Not as histronic or overtly wonderfully melodramatic as 1995's Different Class and with a pleasingly sinister undercurrent, in places Separations has shades of the darker Pulp of 1998 (This Is Hardcore). Jarvis was really starting to come into his own as a singer, expressive and weeping out to the skies over the more absurd sides of love. The album is worth buying for the opener 'Love Is Blind' and 'She's Dead' alone.

On the other hand, the album's closing instrumental rave, 'This House Is Condemned' was perhaps a little - what's the word again - ill advised. Still, it was interesting that Cocker, under the influence of Mackey, felt confident enought to try. Not that anyone cared. By the time Separations finally got a release, Pulp were on their way.

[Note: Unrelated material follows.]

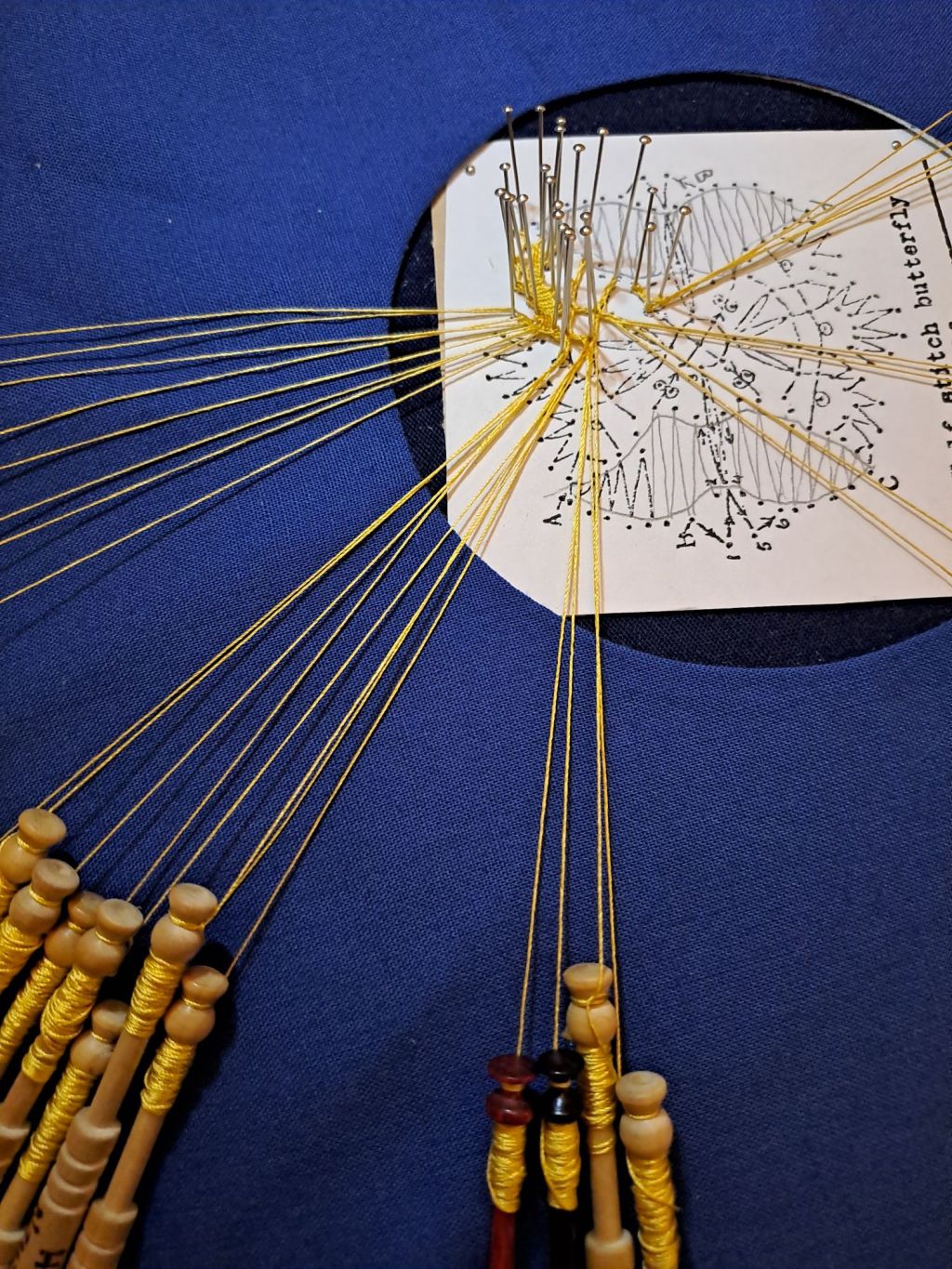 What’s on my pillow- March&nbsp;2025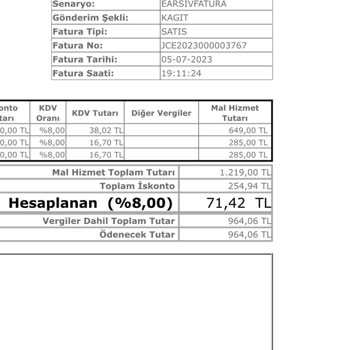 Atasun Optik Teslimat Suresinin Uzunluğu Ve Anlamsız Özür Mesajları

"Today," wrote an impressionistic John Mulvey in the NME, "Pulp is... trying to be superstars in your hometown... organising party games for drunks... loving Des O'Connor and not having to say you're sorry... being fantastic... being mundane... being fantastic and mundane at the same time... dreaming of space-age Sheffield..."

"I think space is something that a lot of people our age are fascinated with," Cocker told Volume writer Paul Mathur for the release of 'Countdown'. "I'm not a sci-fi buff or anything, don't get me wrong. It's just that I remember when I was young watching the first man on the moon... The people at NASA were saying that by 1984 or something, we'd be living on different planets or whirring around in Space Stations, and we believed them completely, There didn't seem to be any reason why we wouldn't."

He continued: "I wrote this song on the new LP about how you leave school and you treat the rest of your life like a big countdown for something big that's going to happen - and the years go by with you thinking, well, when am I going to get to the 10, 9, 8, 7, 6 bit? It just never comes along."

He wouldn't have much longer to wait.